Norton's full floor remarks are below.
Mr. Speaker, first I want to thank the ranking member for his very cogent remarks that go to the principle of the matter before the House today.
I have to day, I come to the well of the House in outrage against the attack on the District of Columbia by the Republican House. In 1973 – that is 45 years ago – Congress pass the District of Columbia Home Rule Act, which created the locally elected government.
Understand that after the Civil War, it was Republicans who first gave the District of Columbia the right to have its own home rule, a tradition that this Republican majority has repudiated. According to the Home Rule Act, a central purpose of the act, and I am quoting, "to relieve Congress of the burden of legislating upon essentially local District matters."

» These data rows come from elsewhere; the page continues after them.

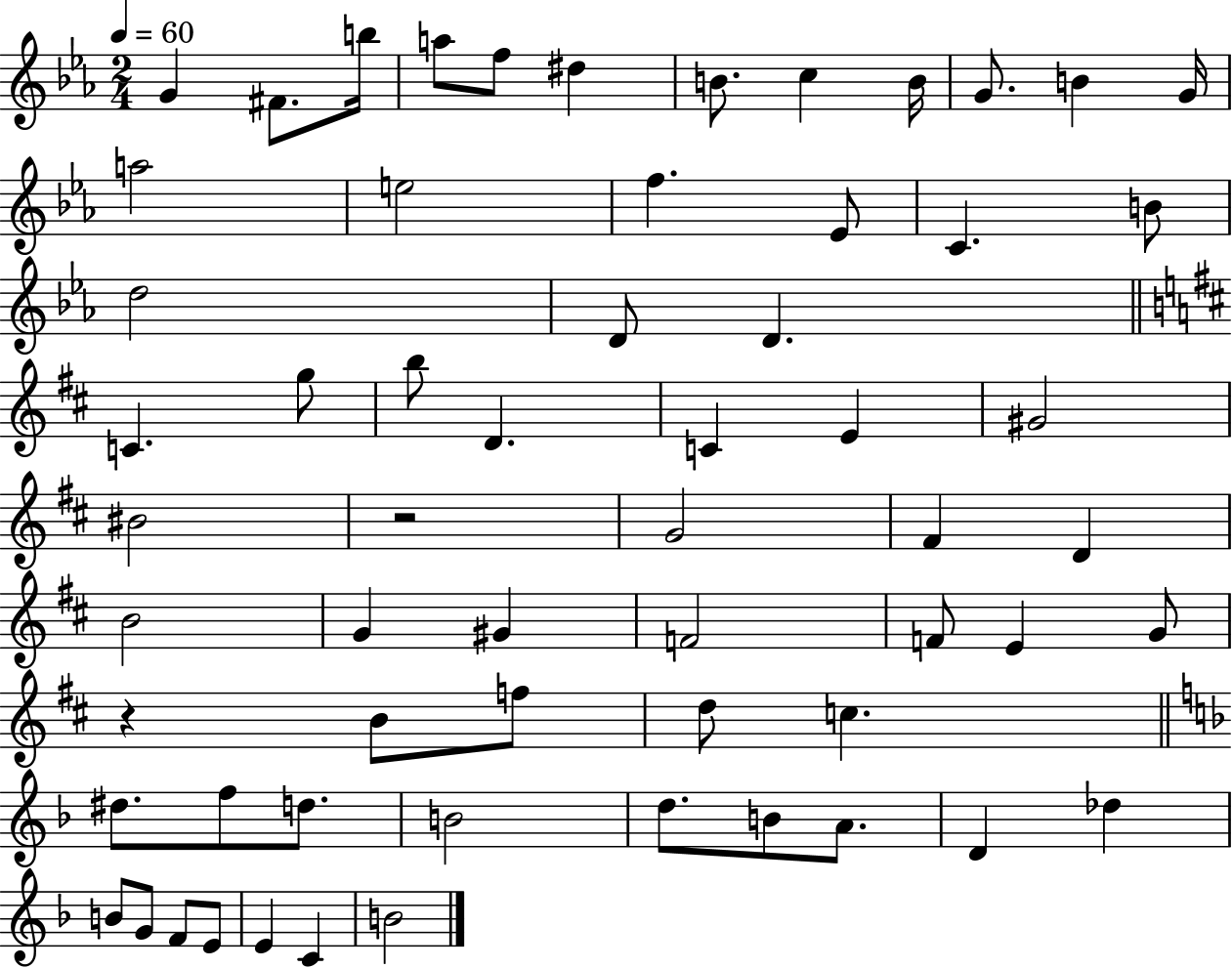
{
  \clef treble
  \numericTimeSignature
  \time 2/4
  \key ees \major
  \tempo 4 = 60
  \repeat volta 2 { g'4 fis'8. b''16 | a''8 f''8 dis''4 | b'8. c''4 b'16 | g'8. b'4 g'16 | \break a''2 | e''2 | f''4. ees'8 | c'4. b'8 | \break d''2 | d'8 d'4. | \bar "||" \break \key d \major c'4. g''8 | b''8 d'4. | c'4 e'4 | gis'2 | \break bis'2 | r2 | g'2 | fis'4 d'4 | \break b'2 | g'4 gis'4 | f'2 | f'8 e'4 g'8 | \break r4 b'8 f''8 | d''8 c''4. | \bar "||" \break \key d \minor dis''8. f''8 d''8. | b'2 | d''8. b'8 a'8. | d'4 des''4 | \break b'8 g'8 f'8 e'8 | e'4 c'4 | b'2 | } \bar "|."
}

President Richard Nixon, who signed the bill, affirmed that purpose himself when he wrote, and I am going to quote President Nixon: "One of the major goals of this Administration is to place responsibility for local functions under local control and to provide local governments with the authority and resources they need to serve their communities effectively. The measure I sign today represents a significant step in achieving this goal in the city of Washington. It will give the people of the District of Columbia the right to elect their own city officials and to govern themselves in local affairs. As the Nation approaches the 200th anniversary of its founding, it is particularly appropriate to assure those persons who live in our Capital City rights and privileges which have long been enjoyed by most of their countrymen. But the measure I sign today does more than create machinery for the election of local officials. It also broadens and strengthens the structure of the city government to enable it to deal more effectively with its responsibilities." Signed President Nixon.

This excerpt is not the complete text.